They are three rather large images, so they may take a while to
load. Then come back and read the rest of this page, okay?
Deleted
(Humor Lacking) Scene V: News for Temps!
Every so
often I try to write some temp news. And I always fail. My
failures usually look like this:
Let
me guess. You want all the latest news about temping, but you
don't have the time to search for it yourself. No
problem! Thanks to NMD's patented temp-sniffing software, we'll
bring the news to you! Hm.
Temp-sniffing. Not a great choice of words. Anyway!
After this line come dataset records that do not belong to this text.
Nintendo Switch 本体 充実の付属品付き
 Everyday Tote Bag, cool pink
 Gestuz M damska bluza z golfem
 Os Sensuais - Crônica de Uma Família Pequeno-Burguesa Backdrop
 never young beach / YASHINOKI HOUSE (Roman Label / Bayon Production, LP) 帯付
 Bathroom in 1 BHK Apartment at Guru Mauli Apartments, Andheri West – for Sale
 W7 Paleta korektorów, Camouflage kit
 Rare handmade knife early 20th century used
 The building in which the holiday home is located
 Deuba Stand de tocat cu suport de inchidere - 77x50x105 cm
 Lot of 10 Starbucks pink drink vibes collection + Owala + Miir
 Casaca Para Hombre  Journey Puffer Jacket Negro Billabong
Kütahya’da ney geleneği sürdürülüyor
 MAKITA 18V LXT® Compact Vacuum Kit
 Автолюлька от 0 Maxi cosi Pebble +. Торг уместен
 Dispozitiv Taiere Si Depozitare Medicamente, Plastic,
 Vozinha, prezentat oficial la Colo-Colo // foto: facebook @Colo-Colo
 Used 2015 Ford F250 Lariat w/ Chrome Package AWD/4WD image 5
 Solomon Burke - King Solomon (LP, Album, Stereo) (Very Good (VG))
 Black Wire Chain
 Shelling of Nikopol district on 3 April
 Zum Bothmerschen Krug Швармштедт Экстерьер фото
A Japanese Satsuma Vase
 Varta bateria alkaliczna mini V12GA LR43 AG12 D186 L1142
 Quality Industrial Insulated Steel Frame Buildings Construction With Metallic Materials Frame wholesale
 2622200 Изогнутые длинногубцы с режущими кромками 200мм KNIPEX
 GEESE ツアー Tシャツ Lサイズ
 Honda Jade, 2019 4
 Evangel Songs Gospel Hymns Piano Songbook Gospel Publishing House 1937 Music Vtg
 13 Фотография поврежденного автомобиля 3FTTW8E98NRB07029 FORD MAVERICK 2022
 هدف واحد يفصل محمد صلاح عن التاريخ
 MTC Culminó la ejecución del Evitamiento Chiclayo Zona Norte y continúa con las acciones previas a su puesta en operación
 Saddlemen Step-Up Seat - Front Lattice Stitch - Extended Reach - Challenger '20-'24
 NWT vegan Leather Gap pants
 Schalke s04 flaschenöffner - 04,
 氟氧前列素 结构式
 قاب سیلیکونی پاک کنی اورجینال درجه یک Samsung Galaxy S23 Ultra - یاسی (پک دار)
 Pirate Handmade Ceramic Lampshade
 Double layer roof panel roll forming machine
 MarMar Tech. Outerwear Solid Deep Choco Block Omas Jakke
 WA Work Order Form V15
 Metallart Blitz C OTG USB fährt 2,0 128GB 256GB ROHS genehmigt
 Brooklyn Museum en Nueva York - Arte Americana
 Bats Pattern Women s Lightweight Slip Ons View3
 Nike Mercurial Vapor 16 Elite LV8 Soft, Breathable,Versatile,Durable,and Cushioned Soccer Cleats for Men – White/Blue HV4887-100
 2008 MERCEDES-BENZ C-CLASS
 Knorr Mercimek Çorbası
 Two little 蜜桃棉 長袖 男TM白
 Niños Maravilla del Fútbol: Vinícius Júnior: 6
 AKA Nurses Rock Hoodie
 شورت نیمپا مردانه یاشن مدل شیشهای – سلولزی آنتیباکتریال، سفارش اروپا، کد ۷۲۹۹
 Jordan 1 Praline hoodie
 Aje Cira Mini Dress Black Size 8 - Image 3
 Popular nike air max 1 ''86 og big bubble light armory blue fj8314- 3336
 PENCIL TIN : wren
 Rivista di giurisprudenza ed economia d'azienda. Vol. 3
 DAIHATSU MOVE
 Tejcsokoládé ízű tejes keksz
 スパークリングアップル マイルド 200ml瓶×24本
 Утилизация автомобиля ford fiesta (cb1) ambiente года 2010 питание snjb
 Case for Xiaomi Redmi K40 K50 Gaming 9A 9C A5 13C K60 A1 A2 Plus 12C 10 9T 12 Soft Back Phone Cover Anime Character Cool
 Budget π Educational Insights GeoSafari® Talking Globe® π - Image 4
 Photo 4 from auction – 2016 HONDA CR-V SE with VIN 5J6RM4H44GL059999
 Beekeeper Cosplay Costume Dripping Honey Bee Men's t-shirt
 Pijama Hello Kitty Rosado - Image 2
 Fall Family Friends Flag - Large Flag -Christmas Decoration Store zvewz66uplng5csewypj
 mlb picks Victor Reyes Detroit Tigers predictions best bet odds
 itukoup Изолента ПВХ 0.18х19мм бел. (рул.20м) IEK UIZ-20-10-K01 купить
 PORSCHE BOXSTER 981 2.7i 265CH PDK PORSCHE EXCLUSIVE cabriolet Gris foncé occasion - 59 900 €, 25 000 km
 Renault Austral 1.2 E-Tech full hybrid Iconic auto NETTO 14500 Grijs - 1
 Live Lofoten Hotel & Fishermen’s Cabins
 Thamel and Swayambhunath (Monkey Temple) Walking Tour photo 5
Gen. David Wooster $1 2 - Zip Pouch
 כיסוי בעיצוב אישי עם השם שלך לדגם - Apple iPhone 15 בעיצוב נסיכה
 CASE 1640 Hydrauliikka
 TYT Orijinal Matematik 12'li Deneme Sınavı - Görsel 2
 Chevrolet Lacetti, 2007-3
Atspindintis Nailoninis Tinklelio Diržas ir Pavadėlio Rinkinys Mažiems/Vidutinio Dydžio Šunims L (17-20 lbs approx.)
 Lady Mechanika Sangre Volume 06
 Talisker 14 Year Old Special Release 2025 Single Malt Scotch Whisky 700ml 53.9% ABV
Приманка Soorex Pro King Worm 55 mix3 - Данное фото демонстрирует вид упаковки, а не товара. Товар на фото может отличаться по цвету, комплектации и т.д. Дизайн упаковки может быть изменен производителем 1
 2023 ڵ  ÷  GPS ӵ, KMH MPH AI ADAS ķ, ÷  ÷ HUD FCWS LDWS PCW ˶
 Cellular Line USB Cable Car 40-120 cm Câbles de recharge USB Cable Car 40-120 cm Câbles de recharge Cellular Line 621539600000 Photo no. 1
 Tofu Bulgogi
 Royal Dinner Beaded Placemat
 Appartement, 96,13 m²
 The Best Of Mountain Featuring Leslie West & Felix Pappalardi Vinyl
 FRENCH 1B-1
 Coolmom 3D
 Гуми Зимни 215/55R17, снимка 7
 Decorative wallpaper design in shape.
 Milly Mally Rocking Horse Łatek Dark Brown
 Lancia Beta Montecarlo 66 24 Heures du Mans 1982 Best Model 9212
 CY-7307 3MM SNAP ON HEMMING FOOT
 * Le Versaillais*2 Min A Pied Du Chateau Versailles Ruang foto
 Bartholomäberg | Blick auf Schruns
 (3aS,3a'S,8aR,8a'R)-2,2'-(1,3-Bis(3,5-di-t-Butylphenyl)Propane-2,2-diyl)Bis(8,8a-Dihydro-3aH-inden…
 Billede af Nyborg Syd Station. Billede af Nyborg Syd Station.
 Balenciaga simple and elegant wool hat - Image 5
Let's check out what's happening in temping news across the globe! POLITICS:
Once again, those big-wig politicians are up to no good, it seems. I
don't really have anything to back that up. But you know those
big-wig politicians. HEALTH: BUSINESS:
Two of the three major indexes closed up on Nov. 19 by more than 20
percent from the three-year lows they hit Sept. 21, the Dow up by more
than 21 percent and the Nasdaq by 36 percent. The S&P 500 closed off
its Sept. 21 lows by more than 19 percent that day. They have held close
to those levels since then, with the Dow up 19.8% at 9872.60, the Nasdaq
up 36% at 1935.97 and the S&P 500 up 19% at 1149.50 as of the close
Tuesday. No
temps were harmed. SCIENCE:
Cloning is once again making headlines! Scientists have cloned a
human embryo, and are preparing to push it through a piece of fabric to
see if it will reassemble itself and... oh, wait, no. As
always, there are moral and ethical questions concerning cloning, and
government and religion alike have come down hard against the
practice. Temps need to make a stand against cloning as well.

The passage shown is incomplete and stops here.